Authority and Paying Your Dues - zacharyvoase
http://www.garann.com/dev/2012/authority-and-paying-your-dues/

======
zacharyvoase
I posted this link because I felt it merited discussion and response.

I should disclose that I'm writing this as a young (by most estimations)
caucasian male, with an above-average earning power (compared to non-engineers
of my demographic), and a relatively comfortable childhood background.

I’m surprised the author didn't mention the Dunning-Kruger effect (i.e.
ignorance begets confidence). Growing up, I knew this by the proverb ‘the
empty can rattles the most’. Looking back on my own short career, I certainly
recognise that I was at my most arrogant when I was at my most naïve. If I'd
known then what I now know I didn't know then—and mostly don't know now—I
would have been a less outspoken individual. Perhaps most notably, I wouldn't
have bullshat my way into certain situations which caused me to grow: had I
known the limits of my own knowledge, I would have remained firmly within
them.

There's a great verb in British English: to _blag_ something. To blag
something is to obtain it by deception or rhetoric, a kind of ‘sleight of
mouth’. The darker side of the same coin is the _con_ (or _confidence trick_
), but blagging implies a less grave offense. I am where I am right now
because I blagged my way into circles, positions, and jobs I had no proper
right to be—I had no experience, little knowledge, and lacked respect for my
elders (figuratively and literally speaking). But when you're thrown in at the
deep end, your only choice is to swim.

I’d like to posit a hypothesis. It’s well-known that men are more abundant in
the field of Computing than women, and maybe it’s precisely because women are
more humble and rational—they aren’t deceived by the same arrogance that
testosterone induces.

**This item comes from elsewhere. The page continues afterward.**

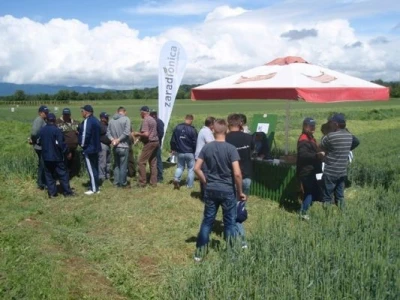 Syngenta zaradionica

Anecdotally, I’ve known more women than men refrain from
applying for a job because they believe it’s beyond their current ability. But
at the end of the day, none of us really know what we’re doing. The field of
Computer Science is still going through puberty, and we’re wandering around in
the dark finding out these amazing and heretofore unknown truths about these
fabulous little machines.

I’m reminded of David Letterman's interview with Grace Hopper, when he asked
her about her work on the Harvard Mark I. He said: “How did you know so much
about computers?” and she replied “I didn’t, it was the first one.”
(<http://www.youtube.com/watch?v=RZ0g5_NgRao>)

------
boboblong
For what it's worth, the author is filtering critical comments.